Another counter argument against the "baby killer" meme is that while we agree it's tragic to lose a potential life, it's even more tragic when we lose an actual life. We don't want to be woman-killers either. All pregnancies, whether high risk or not, carry with them the possibility of death to the woman. The list of serious complications is long and often unpredictable. Every woman should have the freedom to assess those risks and make the most responsible choice for herself.
Remember, the focus is on winning the independents
The Phlebob wrote:
I like your focus on strategy and on who we're trying to convince. It's never the die-hards, and it can never be them. It's those in the vast middle, who don't have their egos tied up in their beliefs and still have their intelligence and independence. It's critical that we remember that or we'll burn ourselves out.
Don't spin your wheels too much on the hard core few.

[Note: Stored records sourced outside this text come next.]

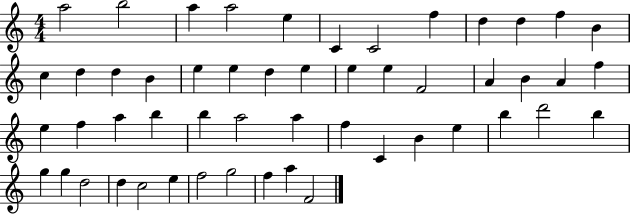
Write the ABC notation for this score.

X:1
T:Untitled
M:4/4
L:1/4
K:C
a2 b2 a a2 e C C2 f d d f B c d d B e e d e e e F2 A B A f e f a b b a2 a f C B e b d'2 b g g d2 d c2 e f2 g2 f a F2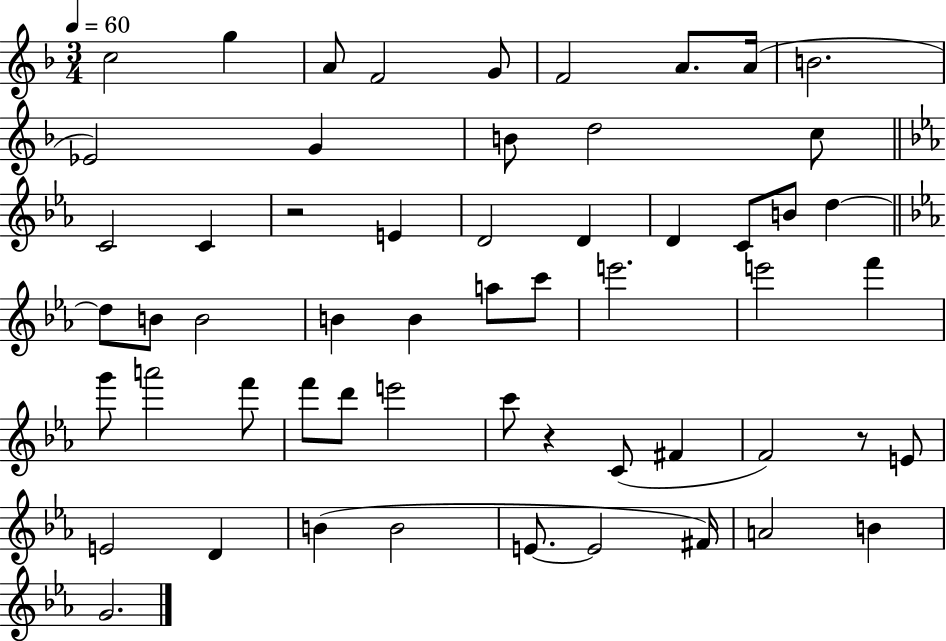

Spend your energy on the much larger group of independents.
If a fetus were a baby, why aren't we trying to save fetuses that die from natural causes?
Gooserock had this to say:
Since 3/4 of all penetrated eggs die before birth, that would make 3/4 of all people killed by natural abortions.
You can't cop out by saying it's "natural." Heart attacks and floods are "natural" but we spend billions fighting them just to save a few thousand lives a year.
If fertilized eggs were "people" then the Christians should have been lobbying for centuries to divert most of our scientific and medical research into saving these millions of "lives" we lose every year.
Far more than lives lost to deliberate abortions. Or sharks or hurricanes or terrorists.
Let's be honest, it's really about punishing women.
What's interesting is that as a society, we don't seem to want to punish men in the same way. If dad was the primary caregiver, would we have commercials for clinics (like the commercials for erectile dysfunction treatments or Viagra)?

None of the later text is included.